05/03/03: C picks us up from the airport and takes us to his home in Auckland.

06/03/03: Wake up very late. Get bus into Auckland and meet J at the Loaded Hog. C follows and he takes us to Devonport and a posh restaurant there. S, the well-travelled friend of mine who always said that she could imagine that I was the sort who would take to seeing a bit of the world, arrives. She is travelling in the other direction.

07/03/03: Go into Auckland with S and colleague; have coffee; check email and then stop by the Loaded Hog. Return back to C’s, who then drives us to the Pasifika(?) Festival. Head back into town, to a random pub, and then to ‘Europe’ where we play pool.

08/03/03: C takes us to ‘Bees on the Line' to meet his folks. On to a beach that resembles the one from The Piano, but isn’t. Meet S back at the Pasifika Festival. Attempt a night of it with my colleague, C, J and S, and Eva, who S has been sharing a dormitory with.

09/03/03: Wigs on the Watefront (whatever the hell that is) with colleague, S, C and J. Back to Devonport with the aforementioned, minus C. Colleague, S and J get chatted up by sailors.
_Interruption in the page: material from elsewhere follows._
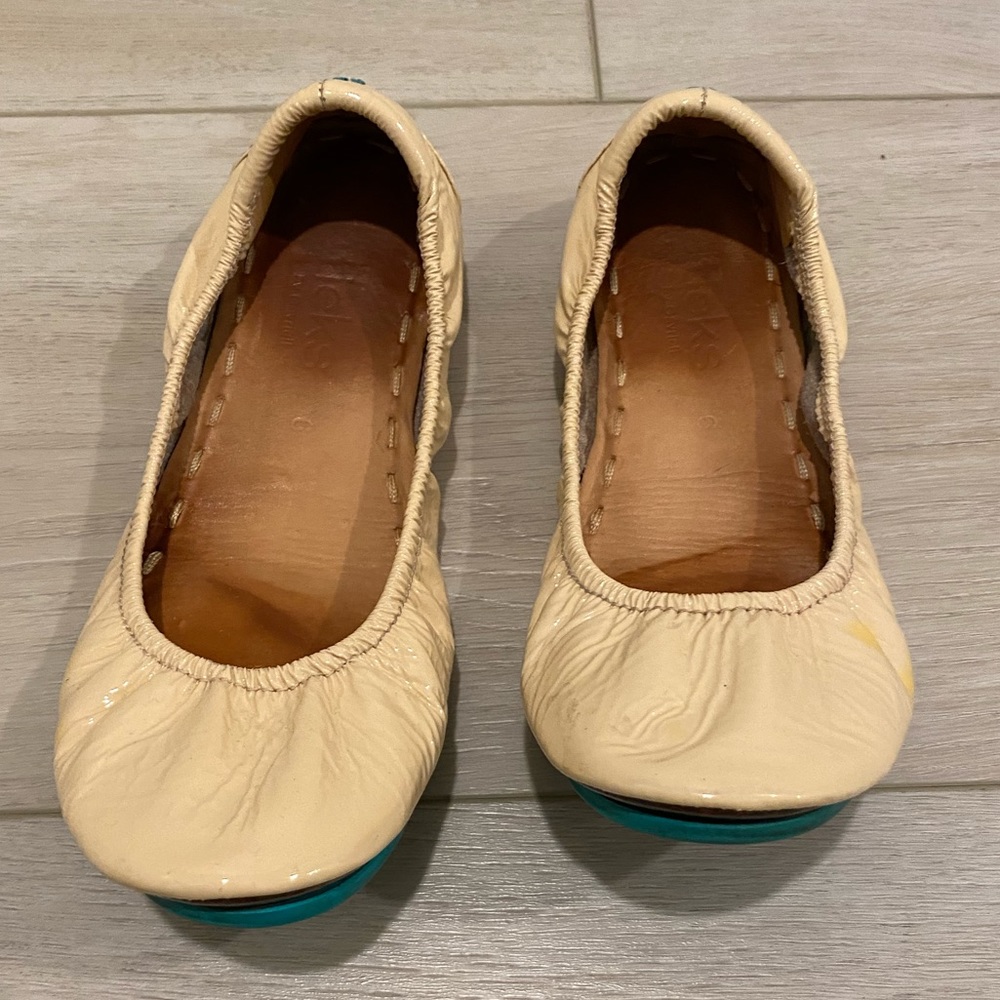 Tieks Biscotti Nude Ivory Patent Ballet Flats Siz Gem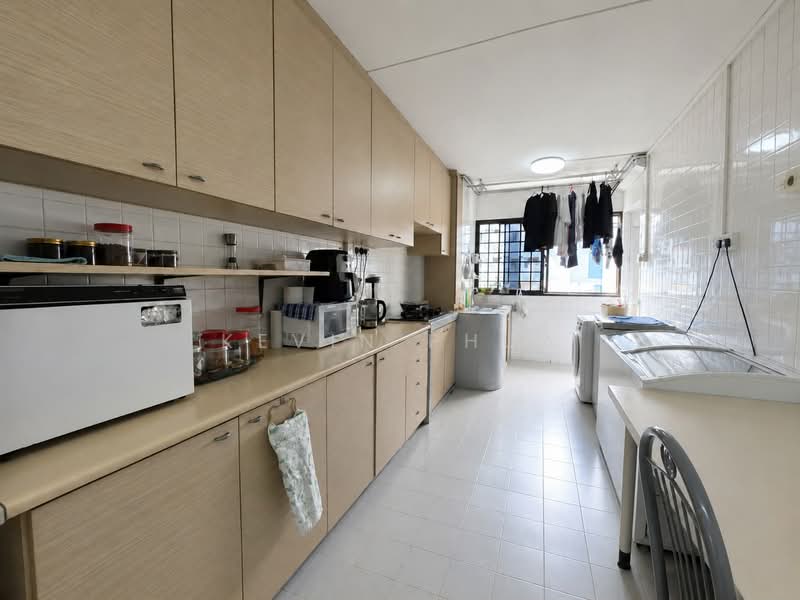 297 Tampines Street 22, 297 Tampines Street 22, 2 Bedrooms, 1,119 sqft, HDB Flat For Sale, by Kevin Phua, 500227545 - Kitchen - PropertyGuru.com.sg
Auckland is not typical of New Zealand. Its vast sprawl is punctuated by a comparatively small area of high rise development, but this resplendent hub of urban activity could be seen, depending on your point of view, as the jewel in the North Island’s crown. The hosting of the America's Cup for two consecutive tournaments has transformed the inner city into a suave playground for the wealthy – like Monaco or some other insular European hangout.
At night they garishly illuminate Auckland’s 328 metre tall Skytower, which looms over proceedings like a giant syringe. Apparently they change the colour sometimes. Today it is mauve.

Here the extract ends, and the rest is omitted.